• **Problem description**
Look over the data below and give the number of lines containing the word "Blue", with no other words.

• **Data**
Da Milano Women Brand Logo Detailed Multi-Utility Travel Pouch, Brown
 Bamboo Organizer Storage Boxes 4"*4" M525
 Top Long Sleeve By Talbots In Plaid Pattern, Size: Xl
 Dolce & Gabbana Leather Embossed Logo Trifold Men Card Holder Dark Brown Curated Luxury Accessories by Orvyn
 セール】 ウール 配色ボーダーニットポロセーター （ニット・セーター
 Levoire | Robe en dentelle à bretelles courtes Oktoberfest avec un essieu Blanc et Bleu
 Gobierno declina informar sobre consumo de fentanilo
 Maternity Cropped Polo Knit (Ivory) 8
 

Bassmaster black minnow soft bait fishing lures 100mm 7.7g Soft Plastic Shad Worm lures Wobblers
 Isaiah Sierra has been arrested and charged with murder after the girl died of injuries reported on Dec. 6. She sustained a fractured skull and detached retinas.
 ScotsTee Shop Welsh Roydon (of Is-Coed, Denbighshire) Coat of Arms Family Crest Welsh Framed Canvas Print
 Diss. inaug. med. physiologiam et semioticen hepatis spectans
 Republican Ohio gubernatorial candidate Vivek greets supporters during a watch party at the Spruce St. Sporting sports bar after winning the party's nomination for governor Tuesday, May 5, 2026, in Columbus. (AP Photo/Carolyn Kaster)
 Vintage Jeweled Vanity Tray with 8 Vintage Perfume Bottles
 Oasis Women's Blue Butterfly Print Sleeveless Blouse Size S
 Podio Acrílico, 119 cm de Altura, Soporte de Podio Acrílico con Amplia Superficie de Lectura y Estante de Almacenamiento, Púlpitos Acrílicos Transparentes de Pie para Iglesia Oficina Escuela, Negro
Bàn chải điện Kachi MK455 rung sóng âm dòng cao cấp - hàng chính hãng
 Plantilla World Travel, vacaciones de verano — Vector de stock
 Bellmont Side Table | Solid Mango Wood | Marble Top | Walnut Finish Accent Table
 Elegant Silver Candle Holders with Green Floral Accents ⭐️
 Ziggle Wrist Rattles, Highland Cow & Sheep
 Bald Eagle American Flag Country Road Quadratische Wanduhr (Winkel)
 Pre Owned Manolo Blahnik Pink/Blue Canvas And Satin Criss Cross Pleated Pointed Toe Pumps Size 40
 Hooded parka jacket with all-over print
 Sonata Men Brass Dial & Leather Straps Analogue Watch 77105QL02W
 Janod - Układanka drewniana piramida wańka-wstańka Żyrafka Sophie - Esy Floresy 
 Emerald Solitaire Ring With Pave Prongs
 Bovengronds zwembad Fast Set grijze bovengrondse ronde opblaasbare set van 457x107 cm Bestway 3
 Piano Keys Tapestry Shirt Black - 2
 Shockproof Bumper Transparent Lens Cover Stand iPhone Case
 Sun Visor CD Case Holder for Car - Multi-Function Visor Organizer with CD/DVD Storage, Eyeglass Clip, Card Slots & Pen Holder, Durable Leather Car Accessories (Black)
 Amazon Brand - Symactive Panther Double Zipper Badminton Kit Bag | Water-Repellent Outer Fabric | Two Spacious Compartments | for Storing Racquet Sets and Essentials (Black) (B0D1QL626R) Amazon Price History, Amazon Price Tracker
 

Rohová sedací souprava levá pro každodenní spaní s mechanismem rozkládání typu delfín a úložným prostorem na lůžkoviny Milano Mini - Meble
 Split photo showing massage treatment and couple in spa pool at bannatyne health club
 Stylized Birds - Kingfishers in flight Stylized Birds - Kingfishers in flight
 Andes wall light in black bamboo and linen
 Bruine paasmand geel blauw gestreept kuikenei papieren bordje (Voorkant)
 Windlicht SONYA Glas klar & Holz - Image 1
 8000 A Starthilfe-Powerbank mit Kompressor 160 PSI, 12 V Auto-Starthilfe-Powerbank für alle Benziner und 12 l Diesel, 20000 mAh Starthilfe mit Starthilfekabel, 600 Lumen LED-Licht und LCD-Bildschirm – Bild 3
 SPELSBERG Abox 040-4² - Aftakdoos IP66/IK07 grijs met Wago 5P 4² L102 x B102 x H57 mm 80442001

• **Solution to the exercise**
2